Par delà le paravent

Par dela le paraventApparut sous la Dynastie des Zhou, “l’adorable bouclier”, selon sa désignation chinoise, était à son origine un panneau de bois unique, fixé sur un socle. Il était destiné, en premier lieu, à faire écran, servir de brise-vue, brise-vent et de protection contre la chaleur. Le paravent s’est progressivement ouvert en plusieurs “feuilles”, assemblées et articulées par des charnières à double rotation. Ses panneaux étaient essentiellement confectionnés de bois peint et richement décoré, ou de soie tendue sur des châssis en bois. Ainsi développé, il préserve davantage l’intimité et, plus bienfaisant encore, chasse les mauvais esprits, grâce à sa disposition en dents de scie.

Très en vogue au XVIII ème siècle, il se mue au gré des décors les plus raffinés, pour ensuite revêtir des formes japonisantes plus épurées, sous Napoléon III. Luxueusement paré, il gagne l’aura d’un meuble précieux à haut potentiel décoratif. Bientôt, tous les arts décoratifs s’y déploient ; laque incrustée, tapisserie, parchemin, peinture figurative. Certaines réalisations signées de grands maîtres, sont des oeuvres d’art certifiées.

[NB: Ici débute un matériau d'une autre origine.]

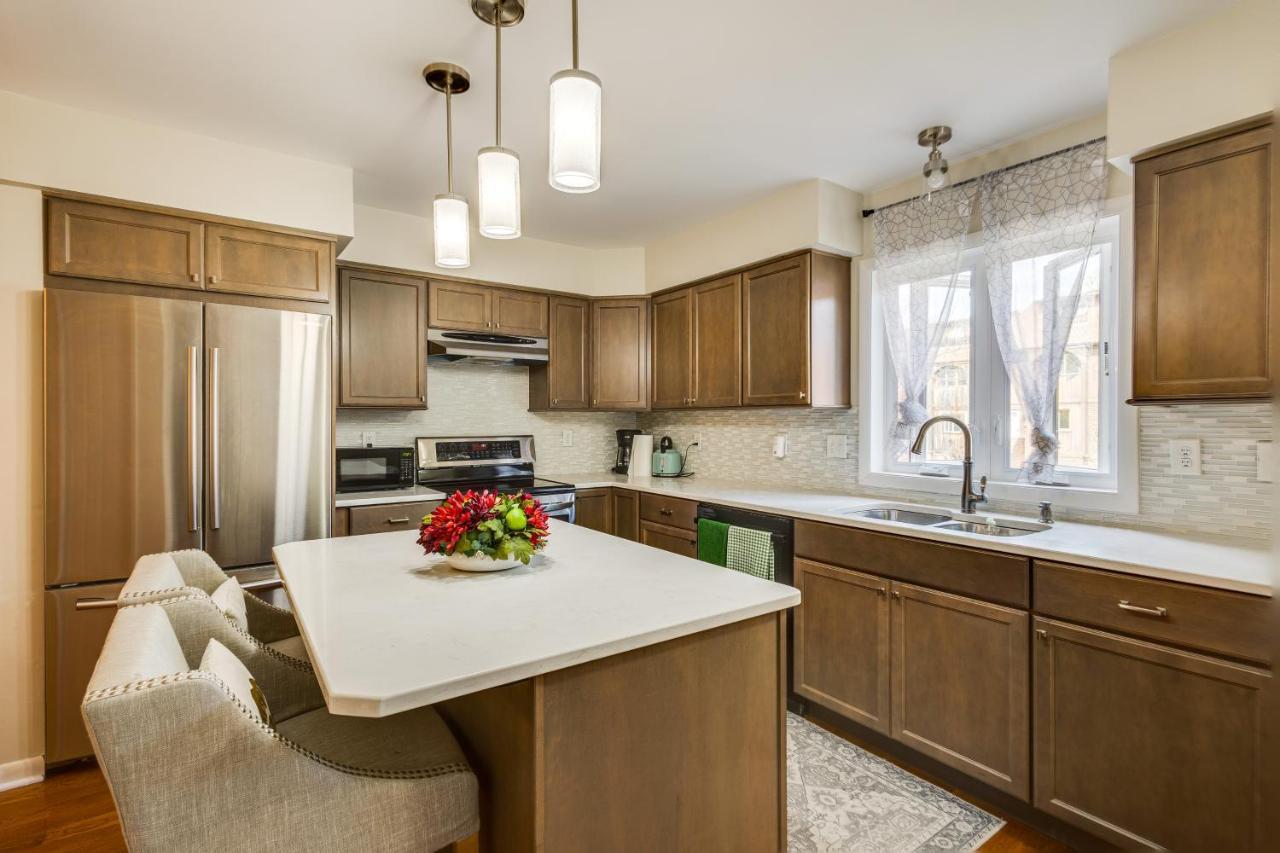 Wilmington Vacation Rental Less Than 2 Mi To Downtown! Экстерьер фото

Sa structure mobile, filiforme et orientable s’accommode parfaitement à la configuration de l’habitat contemporain et notre mode de vie. Le paravent, opacifiant ou ajouré, module subtilement les volumes décloisonnés et instaure des espaces privés. Ainsi, il fait rempart aux indiscrétions et se pose en garde-fou de vos secrets. De sa forte théâtralité, il illustre, en plusieurs volets, un thème, un concept, un univers. Enfin, d’une grande stabilité, il supporte tous types de garnitures, fibre naturelle, cuir, métal. Les designers se réapproprient ce grand classique, inspirés par son profil haut, sa maniabilité et son extensibilité, qui ouvrent à une imagination sans limites.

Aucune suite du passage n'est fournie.